Furthering collaborative and strategic conservation of southwest Washington’s essential natural areas and working lands.
We envision a future for southwest Washington where people, animals, and natural habitats thrive because the community — private citizens, businesses, nonprofit organizations, and government agencies — has invested in conservation of our natural places and resources.
Our goal is to ensure that our region is a place with clean water to drink and clean air to breathe; a place with healthy populations of native fish and wildlife; a place where the economy is robust, sustainable, and stronger because people want to live and work here; a place where the natural environment inspires curiosity and hope for the people who live here; a place where a diverse coalition of conservationists, landowners, funders, and public officials work together on issues — using methods that increase trust and collaboration; a place that retains its distinctive natural features; and a place where thriving urban areas and a healthy rural landscape exist side by side.

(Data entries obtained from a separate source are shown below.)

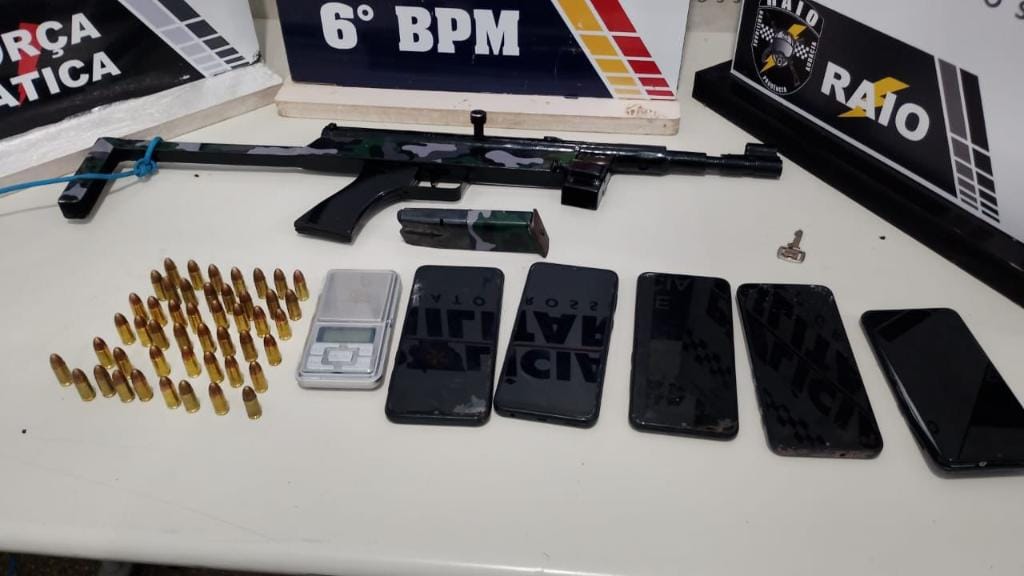 Polícia Militar apreende submetralhadora e prende integrantes de facção criminosa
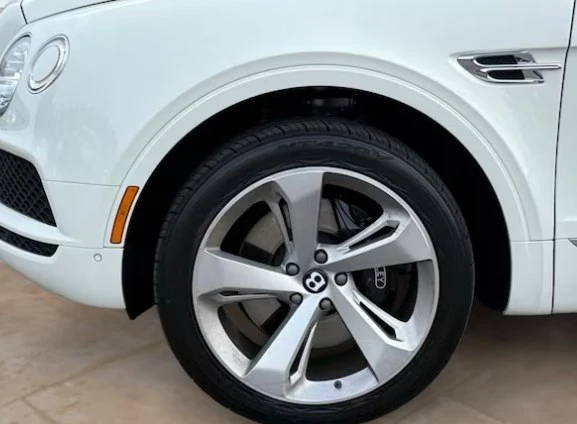 2019 Bentley Bentayga - Image 13 of 14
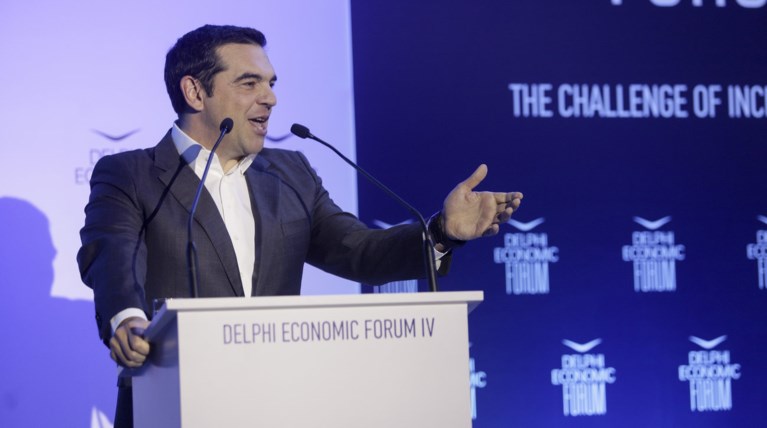 Επίσημη επίσκεψη στα Σκόπια προανήγγειλε ο Τσίπρας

We can’t do this work alone. Our long history has proven that we can only be effective when we work with partners. Capitol Land Trust is widely known for our ability to bring together political parties and groups in order to identify and achieve shared goals. We will continue to pursue these types of partnerships, ensuring that our work meets the needs of our diverse community.
Recognizing and respecting diverse values and interests, we identify common ground and shared community goals, leverage limited funding, emphasize non-regulatory techniques and build partnerships that accomplish these goals. Our work adheres to the high standards indicated by our national accreditation by the Land Trust Alliance, and we will continually strive to maintain and improve professionalism, effectiveness, efficiency and accountability.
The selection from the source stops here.